L'homme, Nathan (40 ans), est un flic ordinaire marié à Chris. Il est en pleine déprime. Sa femme vient de le quitter pour rejoindre la maison communautaire de Wolf (professeur d'économie politique à Berlin) et de ses amis, tous des militants anti-mondialistes très actifs, branchés sexe et bio. Wolf, homosexuel notoire, est donc l'amant de Chris. Cependant, Nathan installe chez lui Paula Consuelo-Acari (28 ans), un top-model très en vue qu'il s'abstient de «baiser» car sa libido le porte toujours vers sa femme Chris.
Marie-Jo, la coéquipière de Nathan, 32 ans, est une grosse fille aux yeux verts, qui se bourre d'amphétamines et qui pèse autour de 90 à 100 kilos.
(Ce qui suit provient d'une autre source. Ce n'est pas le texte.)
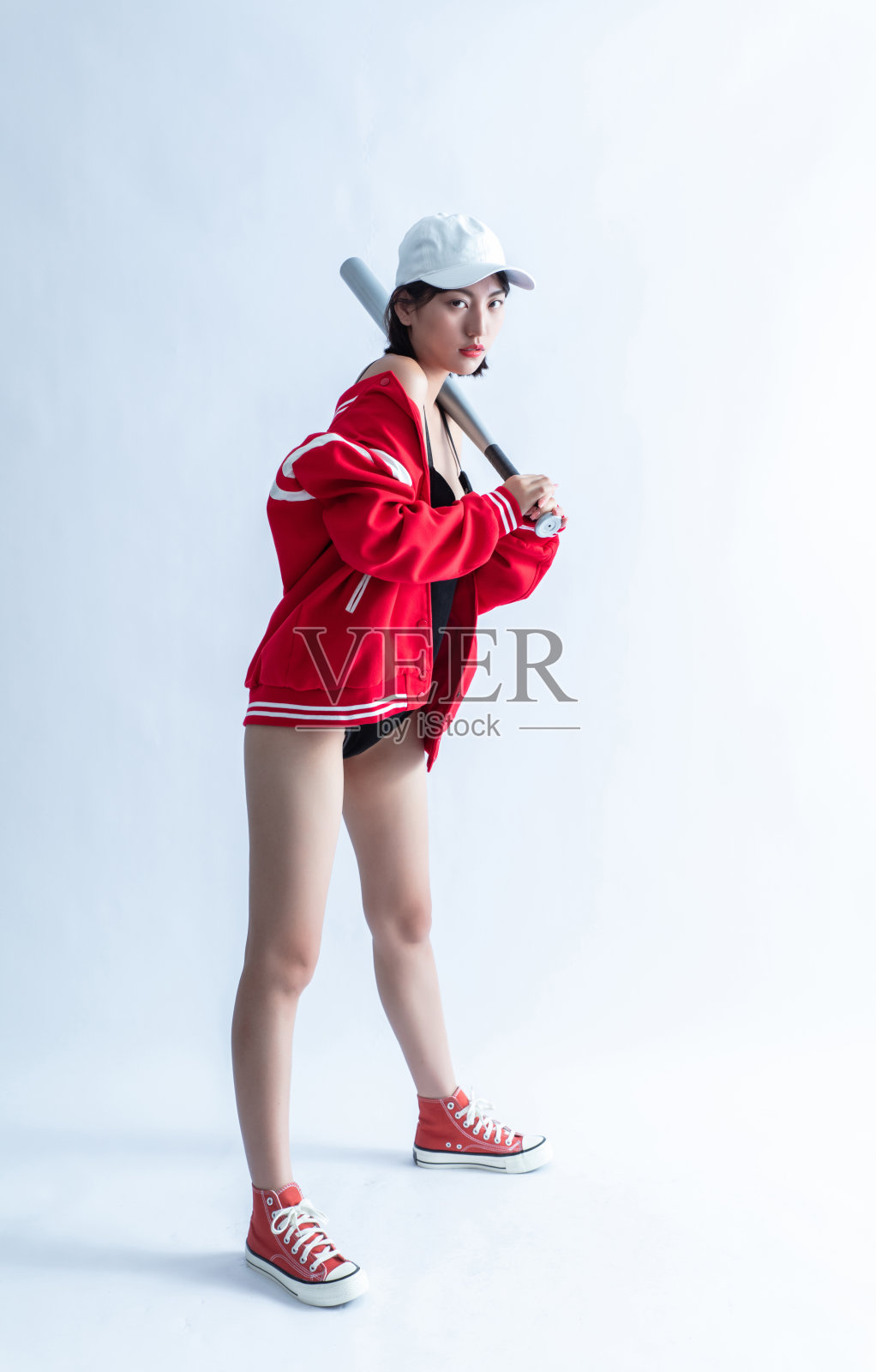 年轻的成年人的肖像迷人和性感漂亮的黑发拉拉队长女孩在黑色内衣和红色棒球夹克孤立的白色背景照片摄影图片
Elle partage son existence avec Franck, écrivain et professeur de «creative writing» à l'université. Au retour de ses longues courses à pied, Marie-Jo se laisse prendre violemment par Ramon, un petit mâle de vingt-cinq ans son voisin d'en dessous qui couche également avec Franck son mari. Nathan et Marie-Jo couchent aussi régulièrement ensemble au cours de l'enquête qu'ils poursuivent. A l'issue de leurs investigations, on comprend que la victime Jennifer Brennen, retrouvée étranglée, les dents fracassées, adhérait à la mouvance anti-mondialiste afin de se venger de son père, un redoutable homme d'affaire maffieux et criminel. Brennen le père sera d'ailleurs liquidé à la fin du roman par Nathan. Pour vivre, Jennifer déguisée en infirmière faisait la pute dans un hôpital. Elle a également joué dans quelques films pornos amateurs. Nathan et Marie-Jo sont sans cesse rattrapés par leurs problèmes psychologiques, sentimentaux, sexuels et professionnels. L'imbroglio est complet.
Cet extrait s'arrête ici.